WikiLeaks founder Julian Assange holds up his Sydney Peace Prize after receiving the award at the Frontline Club in London May 10, 2011. Assange, who infuriated Washington by publishing thousands of secret U.S. diplomatic cables, was given a peace award in London on Tuesday for "exceptional courage in pursuit of human rights". (REUTERS/Stefan Wermuth)
The New Statesman today published what it identified as non-disclosure agreement from Wikileaks (PDF) presented by Julian Assange to Wikileaks associates. In a blog post, David Allen Green of The New Statesman picks apart the NDA, and describes it as a "draconian and extraordinary legal gag," which is "ludicrous," "astonishing," and "undoubtedly unenforceable."
Kevin Poulsen at Wired News, who has been covering the Wikileaks story since the start, has a less breathless article up at wired.com.
The confidentiality agreement (…) imposes a penalty of 12 million British pounds—nearly $20 million—on anyone responsible for a significant leak of the organization's unpublished material. The figure is based on a "typical open-market valuation" of WikiLeaks' collection, the agreement claims.
Interestingly, the agreement warns that any breach is likely to cause WikiLeaks to lose the "opportunity to sell the information to other news broadcasters and publishers."
WikiLeaks is not known to have sold any of its leaked material, though Assange has discussed the possibility in the past. The organization announced in 2008 that it was auctioning off early access to thousands of e-mails belonging to a top aide to Venezuelan president Hugo Chavez, but the auction ultimately fell apart. Also protected by the agreement is "the fact and content of this agreement and all newsworthy information relating to the workings of WikiLeaks."

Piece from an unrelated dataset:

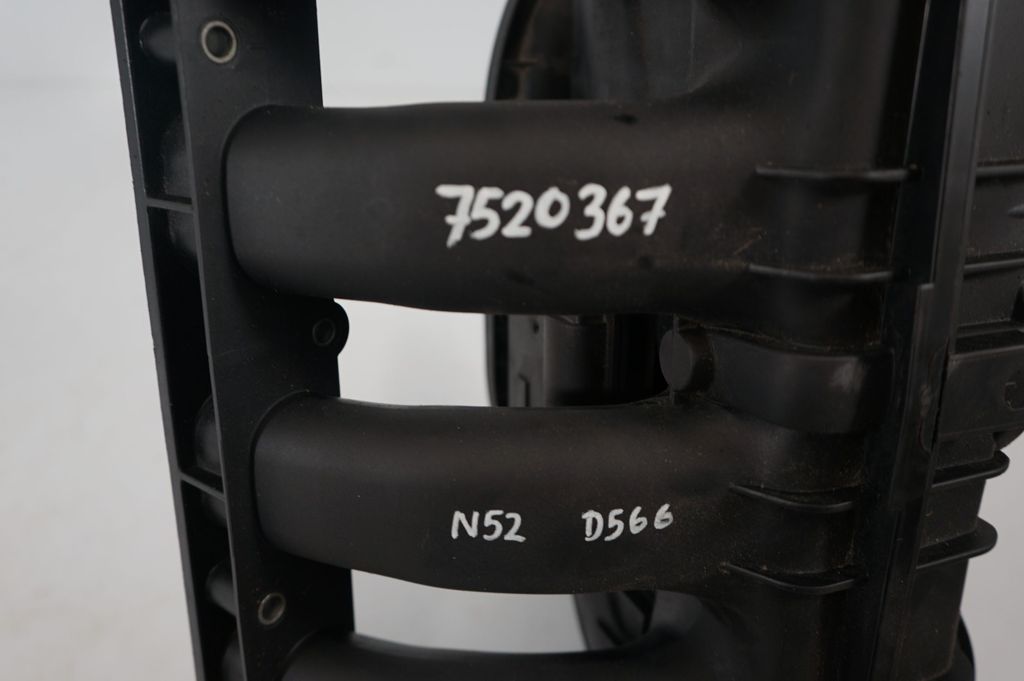 Intake manifold (10)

IANAL, but here's what this sounds like to me in plain language: Wikileaks associates who sign the NDA are by doing so prohibited from "leaking" the contents of the NDA, or the very existence of the NDA. The agreement also prohibits them from talking to anyone outside the organization about any of the organization's inner goings-on. And, the agreement bans handing off not-yet-leaked Wikileaks "dumps" to, say, news outlets that aren't current publishing partners. If you're a Wikileaks team member and you've signed the NDA, and you do any of this, you face a possible $20 million dollar fine. Pretty harsh if the document is legit, and Wikileaks hasn't denied that it is.
This, from the New Statesman, likely sums up how critics of Wikileaks will interpret this unusually strict confidentiality agreement:
All this legalese can only mean that WikiLeaks takes the commercial aspect of selling "its" information seriously: there would be no other reason for this document to have such precise, onerous and unusual provisions. On the basis of this legal gag alone, it would be fair to take the view that WikiLeaks is nothing other a highly commercially charged enterprise, seeking to protect and maximise its earnings from selling information that has been leaked to it. If so, WikiLeaks is nothing other than a business.
Related news today: The Guardian reports that the first session of a United States grand jury hearing involving Wikileaks "is understood to have begun in Alexandria, Virginia, with the forced testimony of a man from Boston, Masachusetts. The unidentified man was subpoenaed to appear before the panel." Sources close to the story, namely Wired reporter Kevin Poulsen, say that in fact the grand jury has been at it for months already, and was empaneled in 2010.
And, via various sources: The official "Wikileaks Defence Fund" is reported to be more specifically the fund which will be used to defend Mr. Assange in his personal legal matters involving accusations of sexual assault in Sweden. Given the fund's title, this may come as a surprise to donors.